Every challenge pushed through and every client fought for shapes the legacy brokers leave behind, Sale tells MPA
How does a broker create a legacy?
For Tanya Sale (pictured, above), chief executive of mortgage aggregator outsource Financial, the answer is not found at the end of a career – it is forged in the daily grind.
Catching up with MPA at the outsource Financial Legacies and Legends conference at Novotel Twin Waters on the Sunshine Coast last week, Sale said the industry too often conflates legacy with retirement, when in reality it is something brokers are actively constructing right now.
"A legacy isn't something we believe you create at the end," Sale said. "We believe it's something you should be building day by day.” She discussed how building a legacy is about every deal that a broker fights to get over the line, every client they go in to bat for, and every challenge that they surmount. “And let’s face it, there’s been a lot of challenges.”
It is a philosophy that underpinned the theme of the conference itself. Inspirational stories from philanthropist and humanitarian Peter Baines set the tone, while loyalty awards honoured outsource Financial's longest-serving brokers – all against a backdrop of discussions about overcoming challenges and emerging stronger than ever before.
Sale is under no illusion that the industry has faced no shortage of trials in recent years – payroll tax, post-Royal Commission regulatory scrutiny, channel conflict and recent home loan fraud controversies have all taken their toll.
Unfortunately, the industry is about to face another, with fresh headwinds emerging from the Federal Budget. Labor's overhaul of negative gearing and capital gains tax (CGT) is creating significant uncertainty, not just for clients, but for brokers who are small-business owners themselves.
But as history has shown – legacies are born out of trials and tribulations, and "I believe there's going to be quite a few legends and legacies in the next 12 months”, predicted Sale.
OK, so what makes for a broking legend?
Sale rejected the assumption that a legend is a term reserved for the biggest names in the industry, or the ones writing the biggest numbers.
Rather, "it's someone who actually shows up for each other”, she said. "The brokers who actually pick up the phone to help someone they’ve never met. The ones who try new things constantly, who back themselves and who keep moving even when the market makes it tough.”
It is a timely reframe. Australian mortgage brokers achieved a record 81% share of the residential home lending market in the March 2026 quarter, according to the Mortgage & Finance Association of Australia's (MFAA) latest Quarterly Market Share Report – the highest ever recorded. Sale said the milestone was a direct signal from consumers about where their trust lies.
"The consumer is talking big time," she said. "The trust that comes out in the consumer-broker relationship – I believe it's going to get even higher."
Storytelling as a core broker skill
Across outsource Financial’s two-day conference, one theme kept surfacing: the broker as storyteller.

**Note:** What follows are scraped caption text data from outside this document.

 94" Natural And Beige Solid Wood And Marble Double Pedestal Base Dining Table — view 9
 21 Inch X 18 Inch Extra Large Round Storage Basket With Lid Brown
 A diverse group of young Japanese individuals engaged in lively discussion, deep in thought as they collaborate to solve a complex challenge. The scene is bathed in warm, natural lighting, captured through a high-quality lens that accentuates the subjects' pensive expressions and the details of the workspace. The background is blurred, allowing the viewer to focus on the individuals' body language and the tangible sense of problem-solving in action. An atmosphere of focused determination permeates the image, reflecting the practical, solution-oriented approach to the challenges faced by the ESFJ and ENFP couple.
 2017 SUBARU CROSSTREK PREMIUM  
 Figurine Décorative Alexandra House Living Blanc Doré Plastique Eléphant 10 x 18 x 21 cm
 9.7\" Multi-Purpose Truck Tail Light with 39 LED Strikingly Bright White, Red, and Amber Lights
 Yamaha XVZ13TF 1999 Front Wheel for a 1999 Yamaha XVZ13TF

Attendees heard from famed storyteller, columnist and public speaker Vanessa Stoykov (pictured, below), who stressed the importance of connection as a competitive edge in the age of AI.

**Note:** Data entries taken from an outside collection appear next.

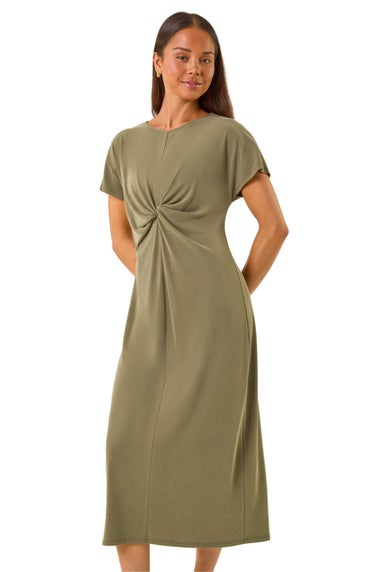 Roman Khaki Petite Twist Front Midi Dress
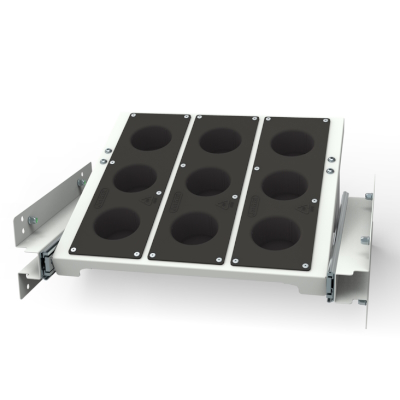 JOTKEL|27030|Slanted pull-out shelf with HSK 100 sockets for cabinets Cat. No. 27045 and 27046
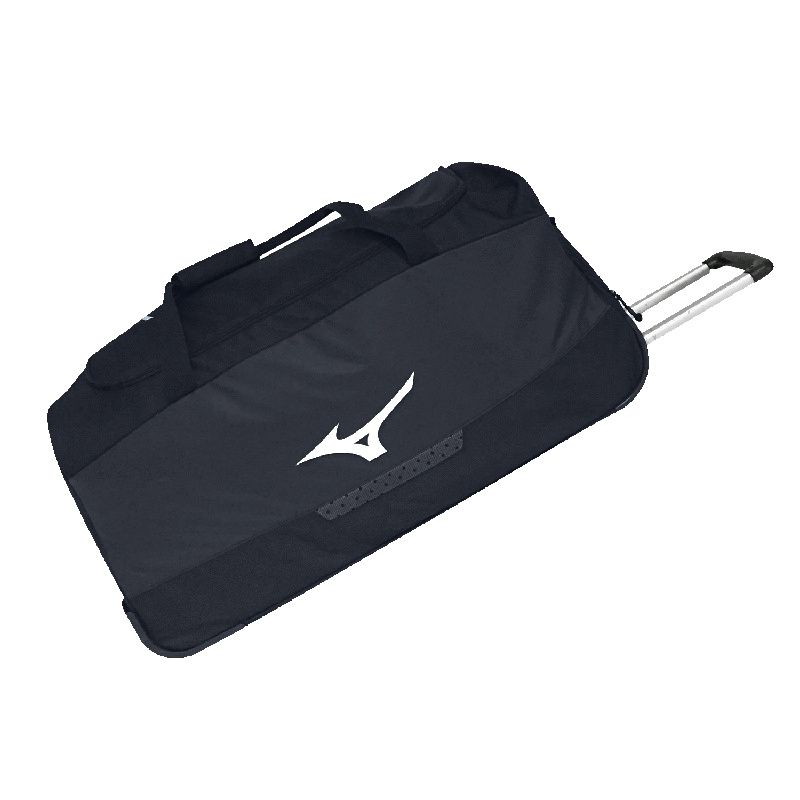 Spacious BLACK Mizuno Trolley bag with wheels and reinforced handle for sports and travel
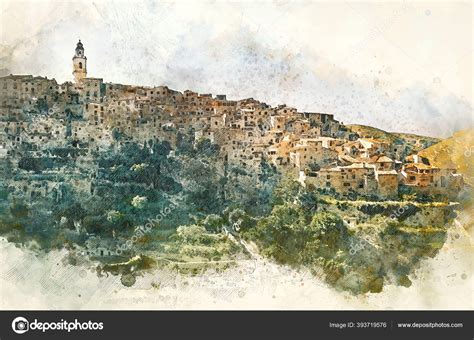 Digital Watercolor Bocairent Village Comarca Vall Dalbaida Valencian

“As AI becomes increasingly capable of producing content, analysing data and automating tasks, the human skills of storytelling, communication, trust and empathy become even more valuable,” said Stoykov. “The people who will thrive are those who can take expertise and make it meaningful. Those who can turn information into understanding. Those who can create genuine connections in an increasingly digital world.”
For Sale, storytelling in broking is no longer optional. "The consumer needs to know who they're dealing with, and the only way they're going to find that out is if the broker does storytelling about themselves."
But Sale was quick to echo a central principle raised by speakers on the day: no matter how compelling the broker's personal narrative, you can’t forget who the central character is – “it always has to come back to the consumer.”
It is a principle that sits neatly within what Sale sees as the broader evolution of the broker's role – from product arranger to trusted adviser, from transaction processor to guide. That shift, she argued, is exactly what 81% market share reflects.
The legacy Sale wants to leave
"I would love my legacy to be that I have really helped and listened to a lot of brokers coming into the industry to build businesses and build themselves as brokers – that they become the legends and the legacies,” said Sale.
"I wanted to be a different type of aggregator," Sale recalled. "Where every broker in outsource Financial would look at me as their business partner. I’m hoping my legacy is – when I'm not around – they will say that outsource Financial was such a different aggregator."
Being a frictionless aggregator is central to that vision. At outsource Financial, which Sale co-founded with Andrea Tassis in 2010, the goal from the outset was to create an independent alternative for mortgage brokers at a time when many aggregators were being bought or partially bought out by the major banks.
The legends and the legacies of tomorrow, Sale believes, are already being written today – one deal, one client, and one act of peer support at a time.
With brokers now facilitating a record share of Australia's new home lending, the foundations being laid by the current generation of mortgage professionals might just be more significant than many yet recognise.